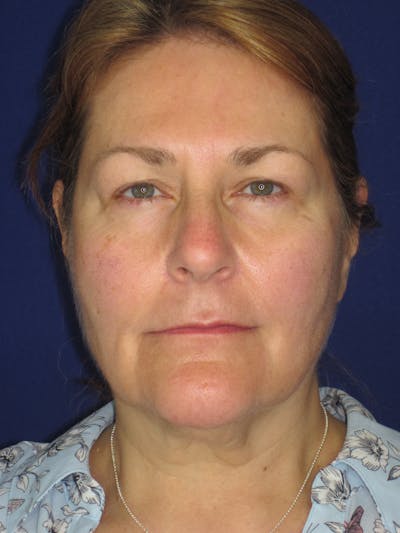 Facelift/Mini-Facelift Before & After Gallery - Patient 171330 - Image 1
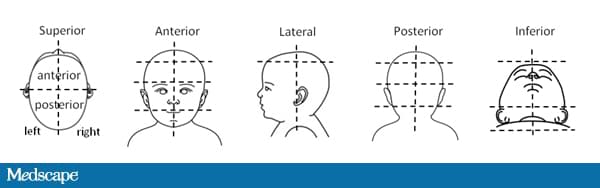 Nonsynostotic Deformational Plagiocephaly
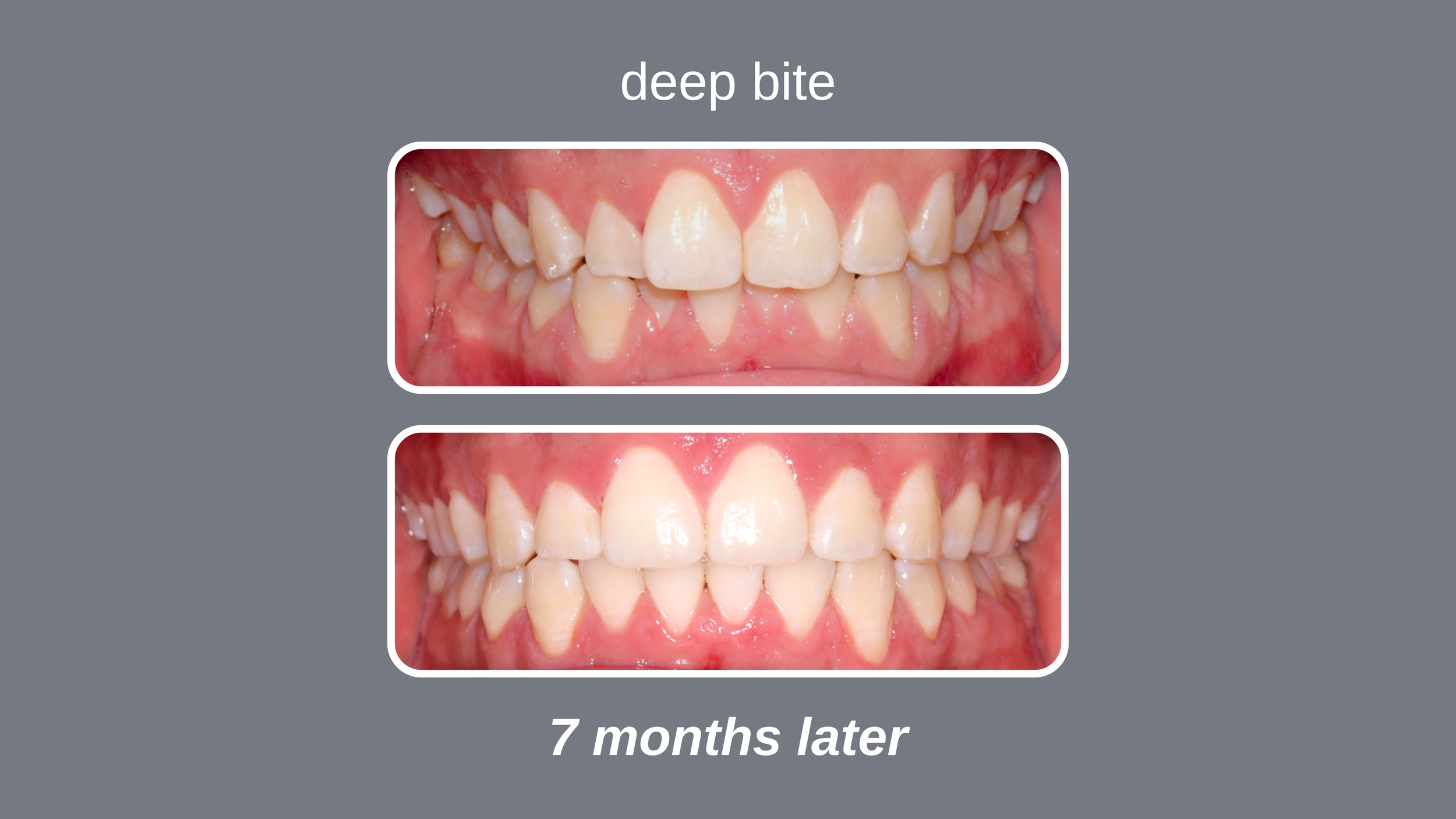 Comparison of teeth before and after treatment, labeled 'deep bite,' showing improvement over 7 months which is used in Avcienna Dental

TRY IT: Drop the pictures and reproduce the rest of the data above exactly.

RESPONSE AREA:
 Facelift/Mini-Facelift Before & After Gallery - Patient 171330 - Image 1
 Nonsynostotic Deformational Plagiocephaly
 Comparison of teeth before and after treatment, labeled 'deep bite,' showing improvement over 7 months which is used in Avcienna Dental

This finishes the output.